Known for groundbreaking works such as Africans and Native Americans, Columbus and Other Cannibals, and The American Discovery of Europe—as well as his essential contribution to the institutional realization of Native American and Indigenous Studies—this project aims to present the work of Dr. Jack Forbes to new audiences. The extraordinary and little known autobiographical poems gathered in El-Lay Riots explore the intersection of race, ethnicity, class, and status in Los Angeles during its population boom in the 1930s and 40s. Yet, written in the early 1990s, the poetry also illuminates political and social uprisings in Los Angeles that would ripple outward nationally. Similarly, “What Is Time?” uses the poetic form to address themes that Forbes dwelt on throughout his life, as a poet, scholar, activist, educator, and thinker. Drawing on a range of representative materials from his enormous archive—poetry, position papers, institutional proposals (including his involvement in the creation of D-Q University, as well as in the development of Native American Studies at the University of California, Davis, a model that would be emulated elsewhere), “Yanga Ya” embraces the radical and transformative artistic and intellectual vision of Dr. Jack Forbes.

Author Biography:

Of Powhatan-Renapé, Delaware-Lenápe, as well as non-Indian (Swiss and Celtic) heritage, Dr. JACK FORBES was born in 1934 in Long Beach, California.
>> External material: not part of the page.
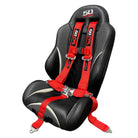 Rage Red | Red | red 5 point utv harness draped over bucket seat showing installed position and fitment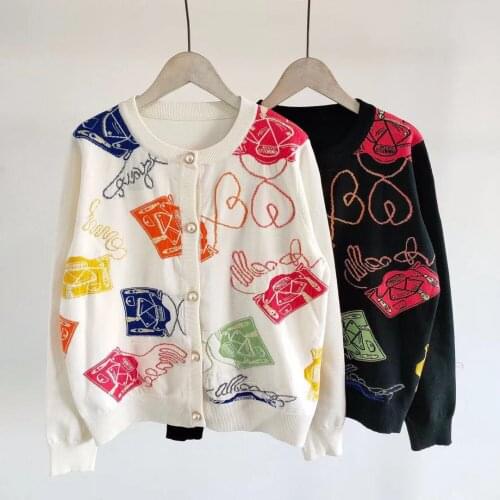 Letters Women Knitted Cardigan Abstract Pattern Single Breasted O-Neck Casual Long Sleeve Streetwear Sweaters Outwear Pull Femme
An activist, anthropologist, historian, poet, and educator, Forbes played an essential role in the reform and formation of Native American studies and education over the course of more than half a century. After co-founding the American Indian College Committee in 1961, Forbes dedicated his life to advancing, developing, and sustaining educational models based on indigenous historical and conceptual perspectives that would truly serve Native American and Chicano students. His tireless advocacy and pedagogy were key to shaping both D-Q University and the formation of a Native American Studies Department at UC Davis. Widely known as an historian, Forbes wrote poetry for decades that spoke to the social and cultural positions of indigenous populations, especially in his home state of California.

Selected Archives:

Images

Jack Forbes in San Francisco, c. 1978, photo by Carolyn Forbes.

Jack Forbes at meeting to draft The Rights of Indigenous People, 1985; Cologne, Germany. Photographer unknown, used by permission of Carolyn Forbes, The Estate of Jack D. Forbes.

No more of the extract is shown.